The Parseval equevilance is:
$$\sum_{k=1}^\infty c_k \varphi_k \overset{L^2}{=} f \Longleftrightarrow \sum_{k=1}^\infty |c_k|^2 ||\varphi_k||_2^2 = ||f||_2^2$$ with $\Phi = (\varphi_k)_{k \in \mathbb{N}_0}$ an orthogonal system of functions in $L^2([a, b], \mathbb{K})$. I won't define every other concept that appear there, but don't hesitate to ask.
The Parseval identidy (see there) is quite different:
$$||f||_2^2 = \int_{0}^{2\pi} |f(x)|^2 \ dx = 2\pi \sum_{k = -\infty}^{+\infty}|c_k|^2 $$
Given we work in $\mathbb{R}$, $(f(x))^2 = |f(x)|^2$.
You basically want to prove $||f'||_2^2 \ge ||f||_2^2$, thus.
As $\int_0^{2\pi} f(x) \ dx = 0$, you also have $\int_0^{2\pi} f'(x) \ dx = 0$ (no need for Leibniz).

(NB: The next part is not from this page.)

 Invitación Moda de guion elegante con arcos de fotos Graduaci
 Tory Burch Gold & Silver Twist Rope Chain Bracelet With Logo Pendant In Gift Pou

Let $c'_k$ be the Fourier coefficients of the derivative (NOT the derivative of $c_k$):
$$\sum_{k = -\infty}^{+\infty}|c'_k|^2 \ge \sum_{k = -\infty}^{+\infty}|c_k|^2$$
Let's use the orthogonal basis $\{1, \cos(nx), \sin(nx)\}$. We know that $a_k\sin'(kx) = k.a_k\cos(kx)$. As $k \ge 1$, $k.a_k \ge a_k$, and $||\cos(kx)||_2 = ||\sin(\pi/2 - kx)||_2= ||\sin(kx)||_2$.
We can conclude that $|c'_k|^2 > |c_k|^2$ given that $f$ et $f'$ have the same integral value between $0$ and $2\pi$ for all $k$. Note that the last step will maybe not be thorough enough for a mathematician. If not, you can find the last steps from here by your own. I hope it helped !